Exercise ▸ Beginning with the line that contains "rizoma PT415 Fox License Plate Support Kit-7", print each line to the end of the data exactly. Omit the pictures.

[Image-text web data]
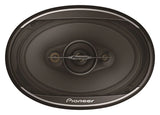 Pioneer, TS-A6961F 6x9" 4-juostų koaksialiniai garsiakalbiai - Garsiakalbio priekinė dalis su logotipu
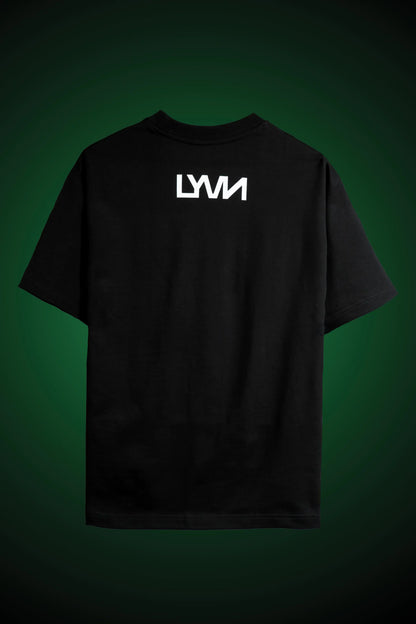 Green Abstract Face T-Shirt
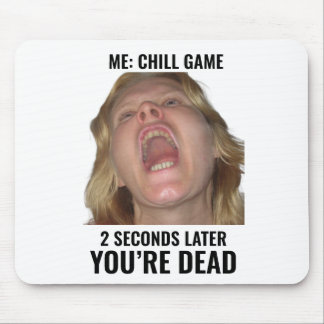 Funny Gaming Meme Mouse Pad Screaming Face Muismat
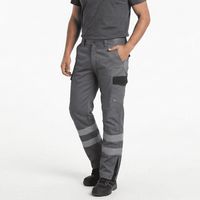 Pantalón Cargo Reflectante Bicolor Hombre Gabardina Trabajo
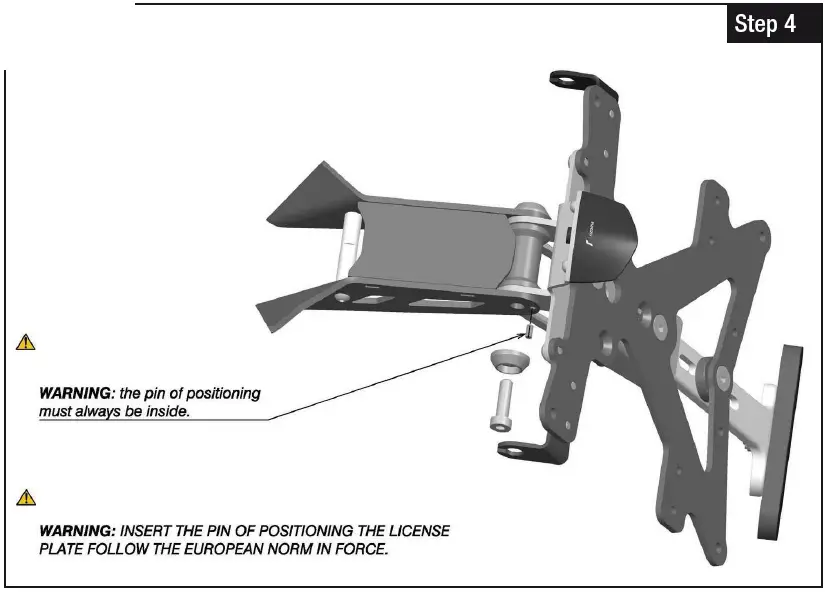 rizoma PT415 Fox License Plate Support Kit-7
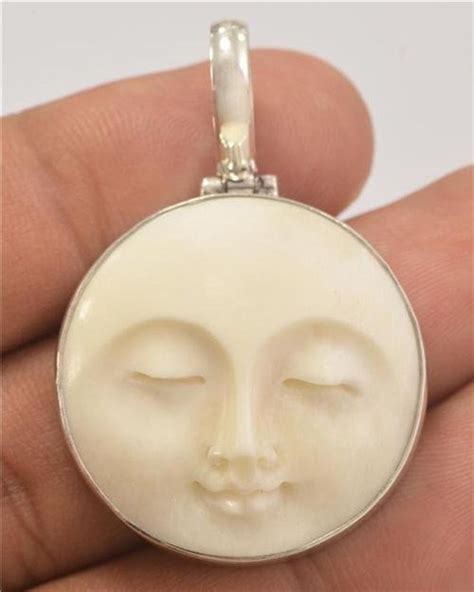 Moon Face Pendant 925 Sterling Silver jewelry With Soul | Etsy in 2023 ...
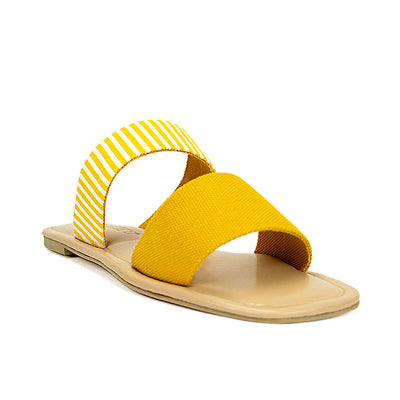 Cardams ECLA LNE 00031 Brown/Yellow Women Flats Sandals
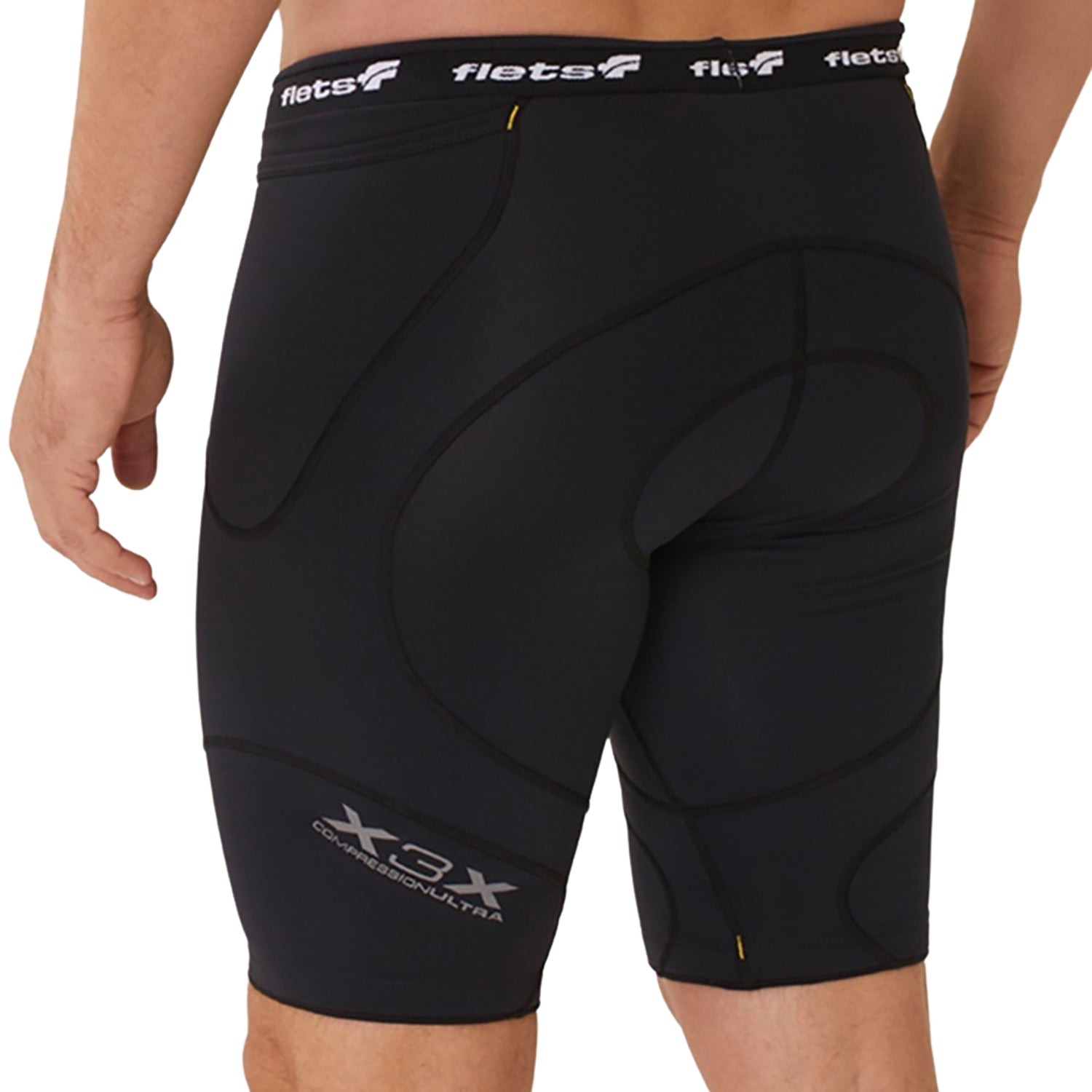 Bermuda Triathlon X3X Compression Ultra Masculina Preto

Written solution ▸
 rizoma PT415 Fox License Plate Support Kit-7
 Moon Face Pendant 925 Sterling Silver jewelry With Soul | Etsy in 2023 ...
 Cardams ECLA LNE 00031 Brown/Yellow Women Flats Sandals
 Bermuda Triathlon X3X Compression Ultra Masculina Preto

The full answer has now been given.